All of us of course are different and have different caregiving plans. I had a nerve block medication the whole time I was in (surgery 12:30 Thurs. and left castle at 2 pm Sat.). The catherter was taken out 7 am Fri. and went to the bathroom every 2 hrs. after that. I walked the halls at least 3 times Fri. and twice Sat. and sat up in the rocker in the room for at least an hr. several times a day.
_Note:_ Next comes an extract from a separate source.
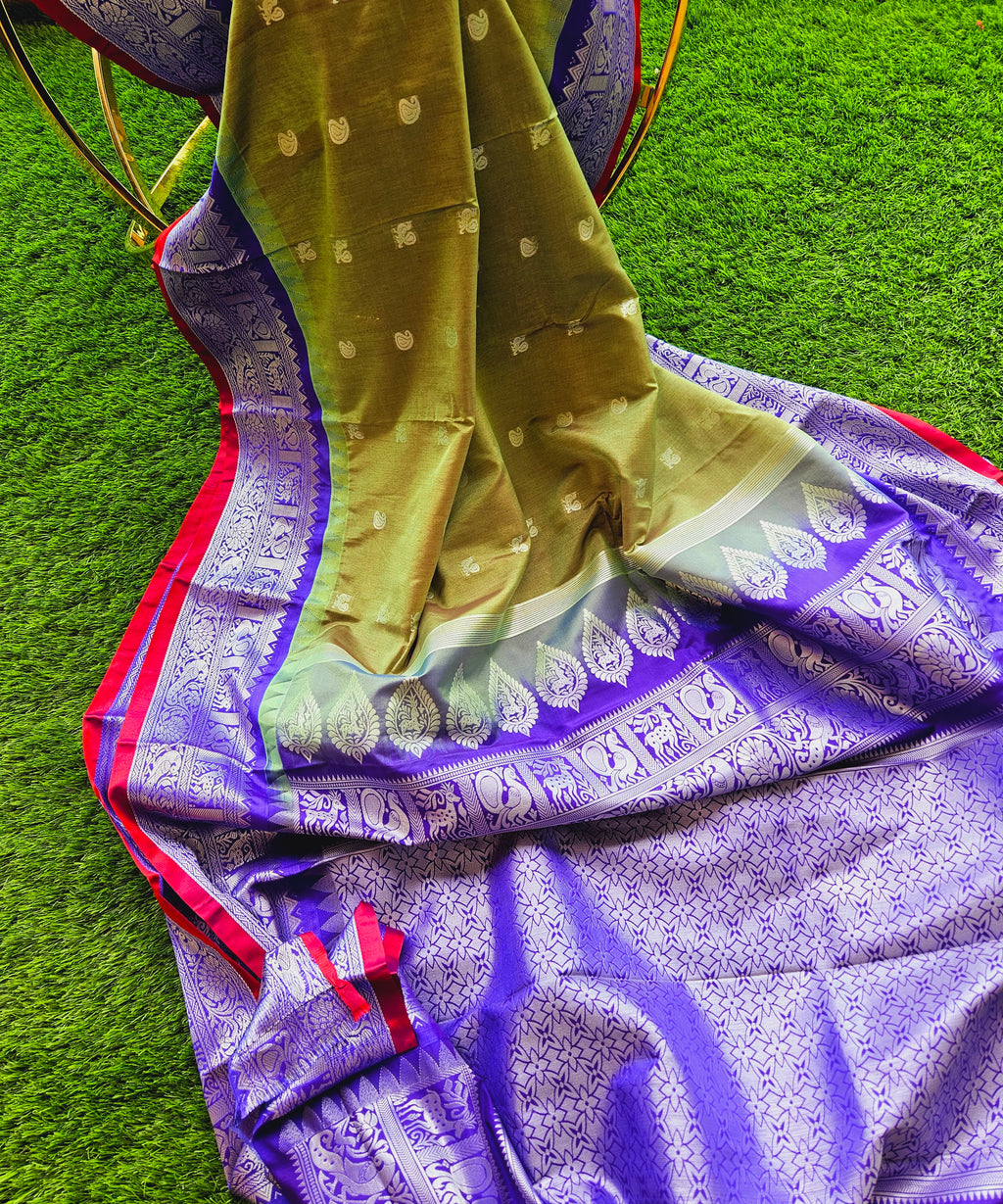 Zenat All products - Available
I did not turn down any shots (toridol) or oral pain meds while in the hospital. I figured they know more about that than I did. Once home I did follow directions on dose and timing for a few days as the nerve block wore off. My DH was a hospice chaplain so he told me what his nurses had told him about pain mangement. If you are on a schedule and sleep past your time you probable can cut back on amount or frequentcy. The first days home I was taking 2 hydrocodone every 4 hrs. Sun. night I started taking only 1. Mon. night I went all night without one. Only took 2 Tues. and yesterday only took Tylenol. I am walking every hour or so, washing a few dishes, and folding clothes. No lifting, no bending. I have already been walking in stores. It depends on your surgery, your pain threshhold, and how physically fit you were before surgery. For me so many of the pains are not directly related to the surgical site but are bowel, bladder, muscular due to staying in one position too long, and stomach irritations. They are short and don't last long.

Honestly, the pain was worst the first 2 hrs. after getting to the room and after taking something was very manageable. I was anxious to stay pretty active because of past blood circulation and clot problems.
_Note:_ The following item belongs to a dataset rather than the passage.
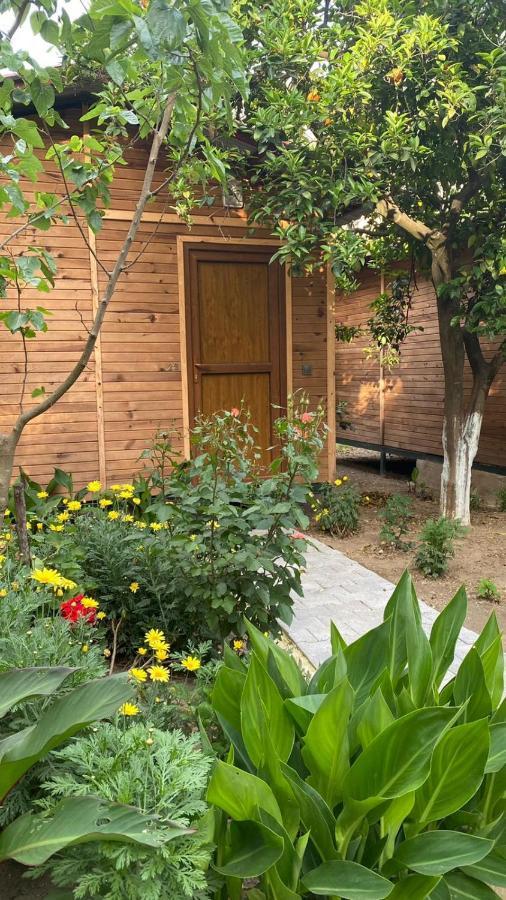 mercan pension Olympos Bagian luar foto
I hope this helps you. Have a blessed day.
  #8  
Unread 03-25-2010, 05:08 PM
Re: Pain Management

Patriotette -

You should not try to deal with the pain until it is unbearable. By the time the pain meds kick in you could really be in some big pain.

Also it can inhibit your healing.

Check out this post-op article on Managing pain .

Also check out the Hysterectomy Checkpoints for weeks 1 & 2 where they discuss managing your pain.

You don't get extra credit for not using your pain meds.



G.
  #9  
Unread 03-25-2010, 05:23 PM
Re: Pain Management

Nothing wimpy about pain meds! Meds help us to move around and get better. You get no points for deciding to be miserable and not use the pain meds. You will find that anti inflammatories like ibuprofen will help wonders!